« L’absence de règlementation a favorisé les flux illicites existants »
En Afrique, faute de cadre règlementaire adapté, le boom de l’argent mobile a eu comme corollaire une augmentation des transactions financières illicites. Madina Adam SERE, analyste financier senior et expert consultant formateur en matière de lutte contre le blanchiment des capitaux et le financement du terrorisme, détaille les vulnérabilités de la sous-région et les projets à l’étude pour y remédier.
Dans quelle mesure l’essor du mobile money a-t-il accru les flux financiers illicites en Afrique de l’Ouest ?
Le développement des réseaux de télécommunication en Afrique de l’Ouest, même dans les régions éloignées des capitales, ainsi que les faibles coûts d’acquisition d’un appareil mobile, ont permis aux populations instruites comme illettrées d’avoir accès aux services d’argent mobile.

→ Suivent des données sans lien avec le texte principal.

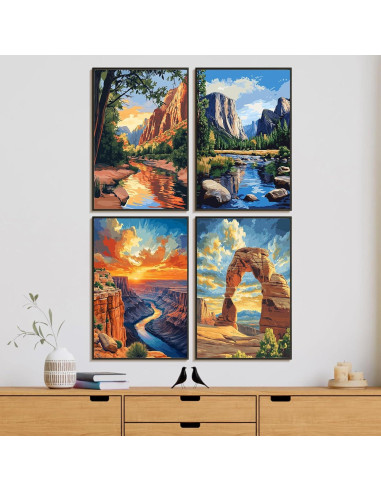 Kit de Pintura por Números Enmarcado Yezavesu 4 Piezas 20x30 cm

Malheureusement, la règlementation de ce secteur a été mise en place en 2015, soit plusieurs années après le lancement de ces services dans la région. L’ absence de règlementation, de contrôle et d’entité de supervision définie ont favorisé, voire développé, les flux illicites existants, permettant même la création de nouveaux flux illicites.
Quelles sont les principales failles de gouvernance financière dans la sous-région concernant les flux d’argent dématérialisés ?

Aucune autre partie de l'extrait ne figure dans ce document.